Cuando hizo aquel comentario, soltó una carcajada que las dos amigas supieron interpretar bien. Tantos jóvenes recién independizados a tan pocos metros de distancia podía resultar una bomba explosiva.
-Entonces… ¿tú vives en Camino? –preguntó Abby mientras señalaba hacia un cartel con el mismo nombre grabado en él.
-No, qué va –respondió el muchacho-. Camino y Founders son solo residencias para estudiantes de primer año. A partir de segundo curso, cada uno decide donde vivir: en otra residencia, en apartamentos o casas del campus, en San Diego… Yo, por ejemplo, sigo viviendo en el campus, pero por fortuna ya he logrado escapar de la supervisión de los encargados de las residencias. Vivo con mis hermanos de Alfa Omega.
El vuelco de la conversación captó la atención de Sienna, que intervino por primera vez en la charla entre su amiga y el rubio.
-¿Alfa Omega? Eso es una hermandad, ¿verdad?
-Claro, ¿qué va a ser sino? –bromeó Nathan, con su irresistible sonrisa en los labios.

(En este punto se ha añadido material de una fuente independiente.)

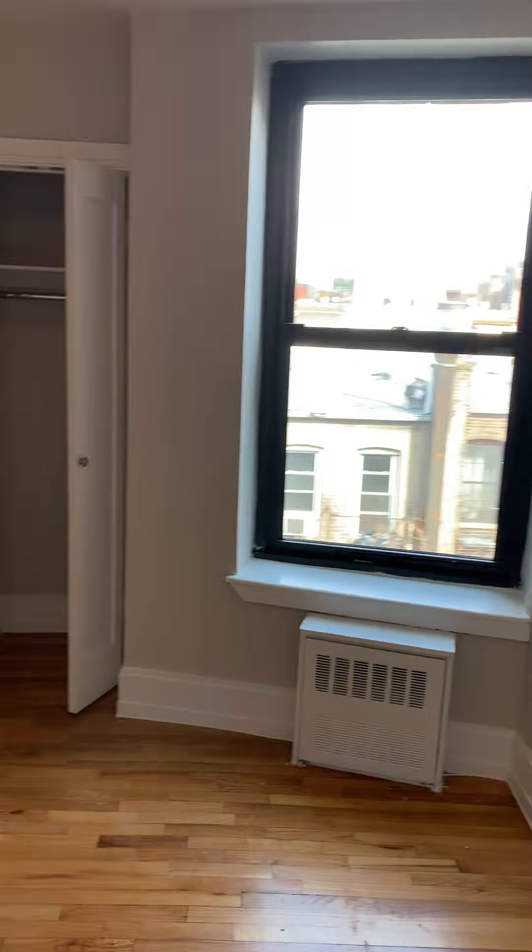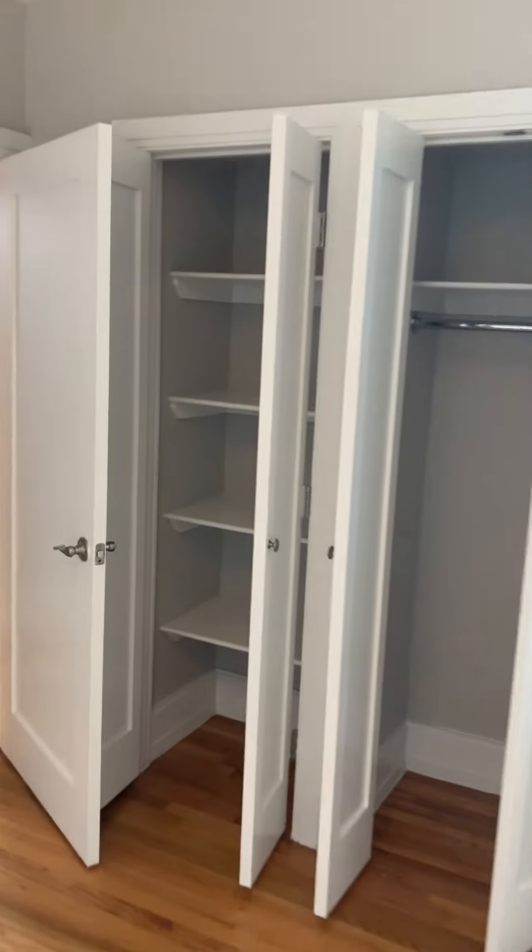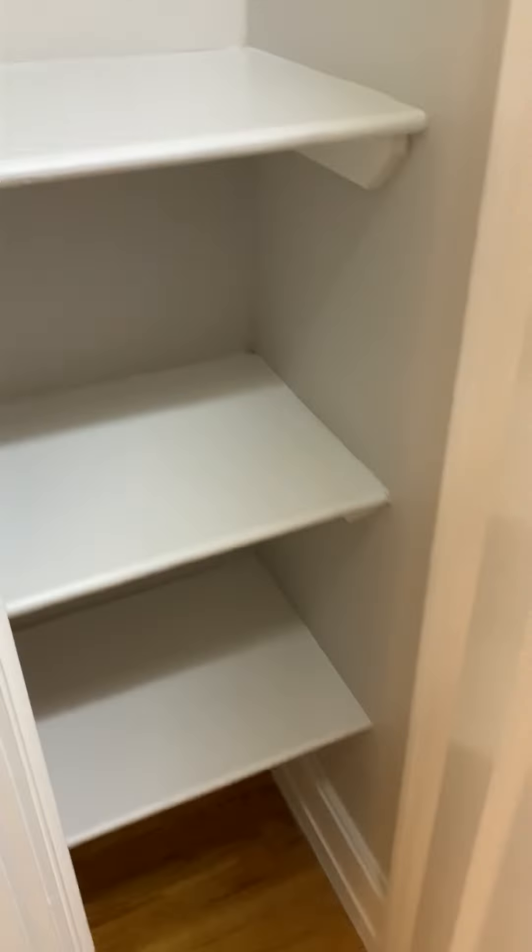This bedroom can easily accommodate a king-size bed — very spacious. There are two closets, plus an additional closet here.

-No sé, creía que esas cosas solo eran material de película. Nunca antes había conocido a nadie que perteneciera a una de verdad –se excusó la española, al mismo tiempo que notaba como sus mejillas se sonrojaban; por más tiempo que pasaba en Estados Unidos, siempre había algo que la sorprendía, algo que la hacía darse cuenta de que le quedaba mucho por descubrir y por experimentar-. ¿Y las fiestas locas en las casas de las hermandades que acaban con la aparición de la policía también son reales?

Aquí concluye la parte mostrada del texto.